# [TASK PROMPT]
Below are records with pictures. Reproduce exactly the lines from the line with "- www.xpbimages.com, EMail: requests@xpbimages.com" to the line with "Room 10 of 33", inclusive, and leave each picture out.

# [LISTED RECORDS]
+--
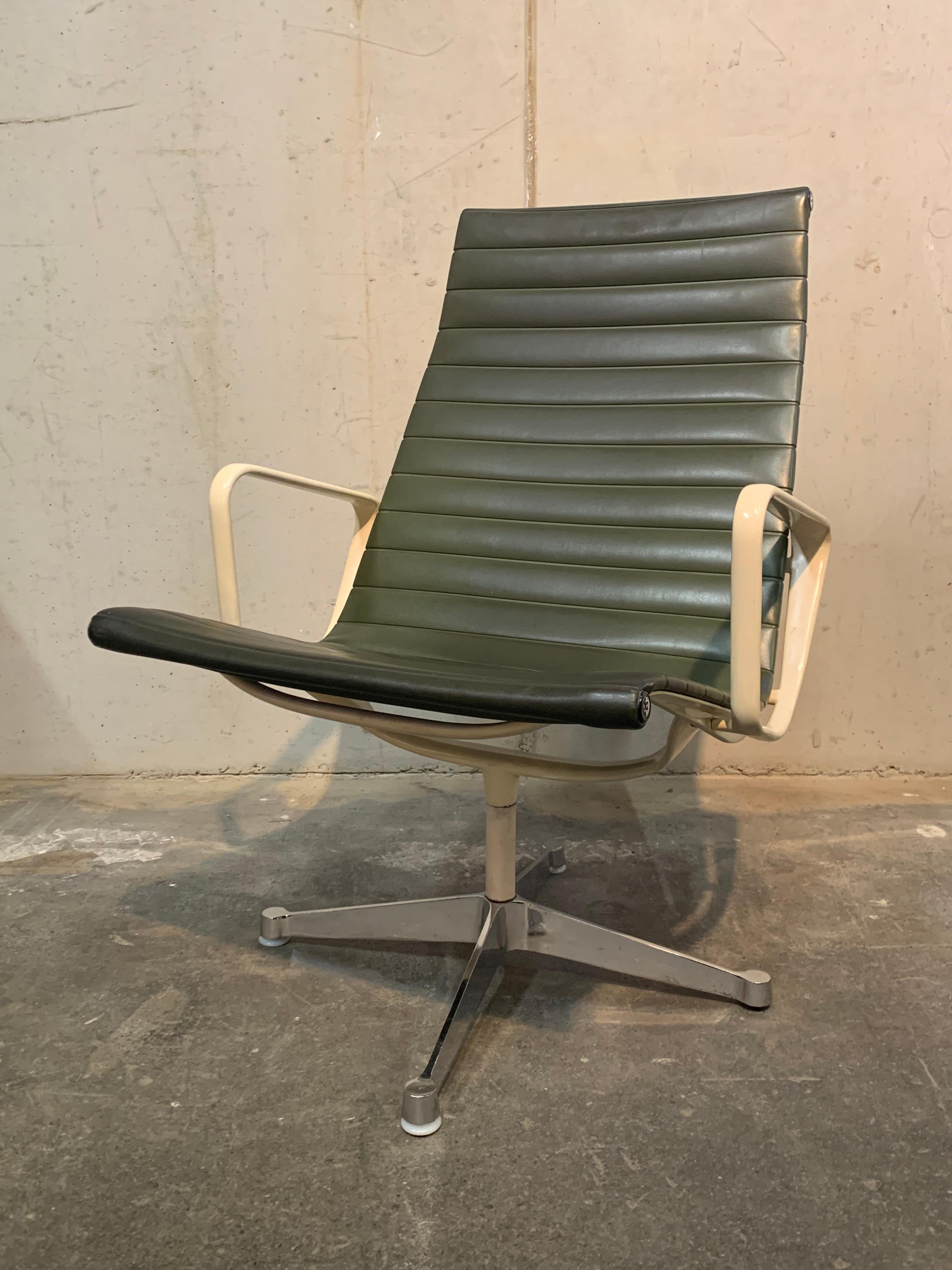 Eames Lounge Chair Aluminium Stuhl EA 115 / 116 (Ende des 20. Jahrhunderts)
+--
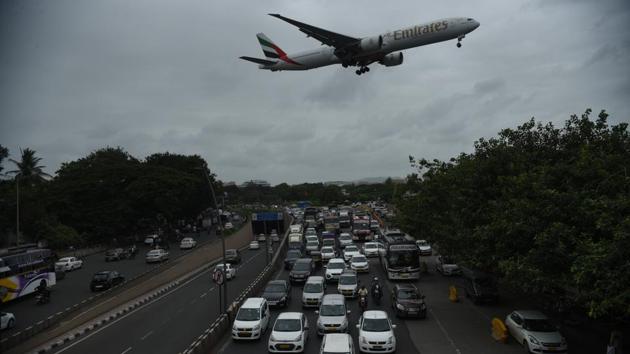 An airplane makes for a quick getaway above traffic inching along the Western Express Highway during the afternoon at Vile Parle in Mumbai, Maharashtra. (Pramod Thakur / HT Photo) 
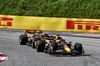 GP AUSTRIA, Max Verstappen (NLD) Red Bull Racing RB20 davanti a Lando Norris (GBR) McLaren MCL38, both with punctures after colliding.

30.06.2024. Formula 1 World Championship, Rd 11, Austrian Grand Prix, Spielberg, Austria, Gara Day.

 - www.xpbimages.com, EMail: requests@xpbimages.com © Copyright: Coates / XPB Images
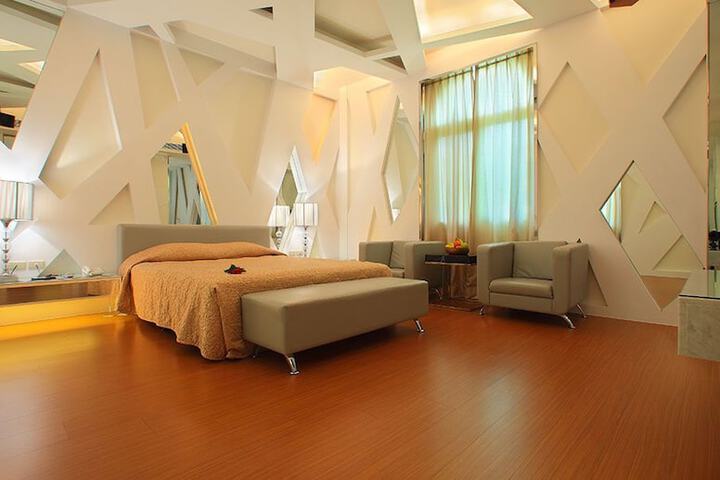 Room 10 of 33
+--
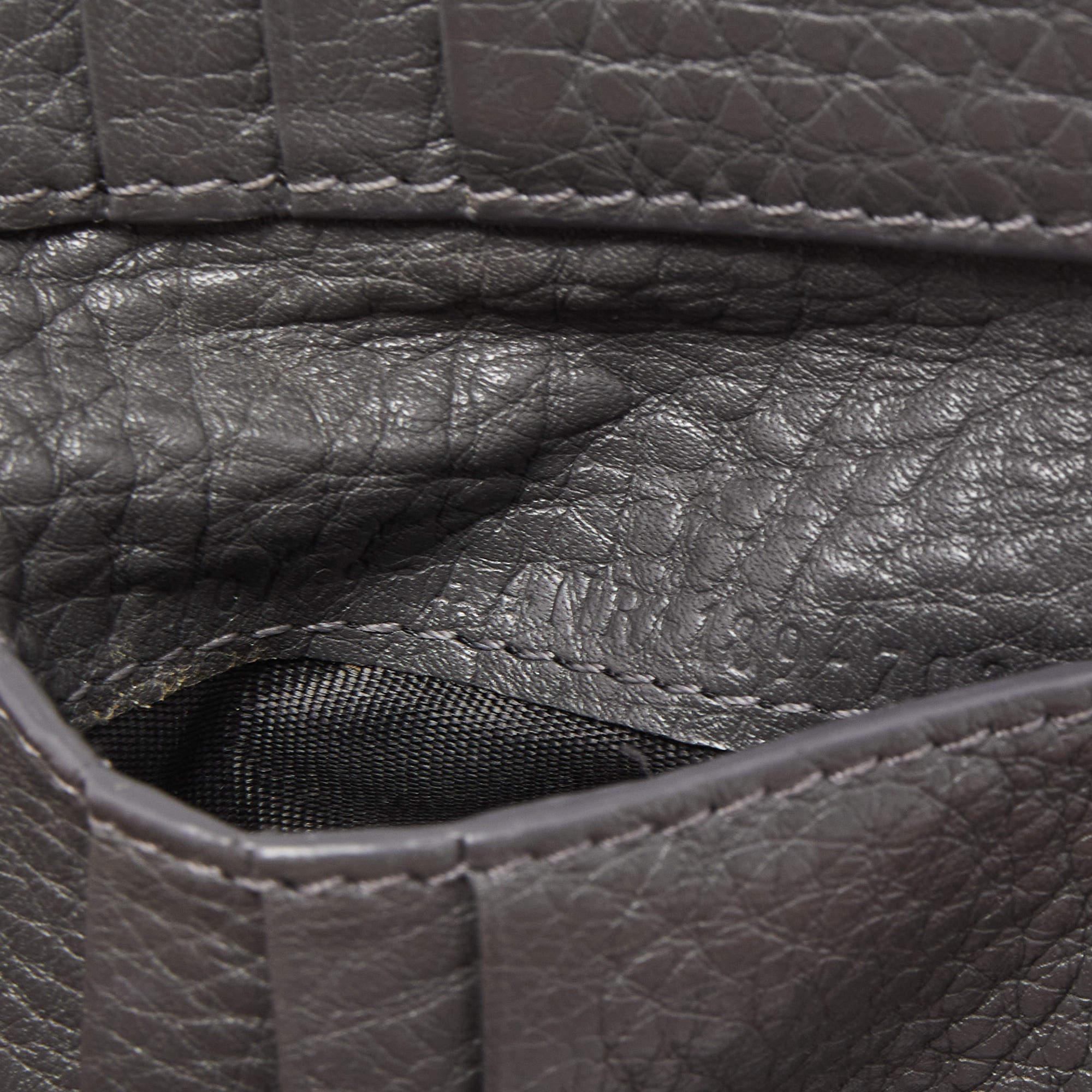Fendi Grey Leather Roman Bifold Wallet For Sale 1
+--
# [EXPECTED ANSWER]
 - www.xpbimages.com, EMail: requests@xpbimages.com © Copyright: Coates / XPB Images
 Room 10 of 33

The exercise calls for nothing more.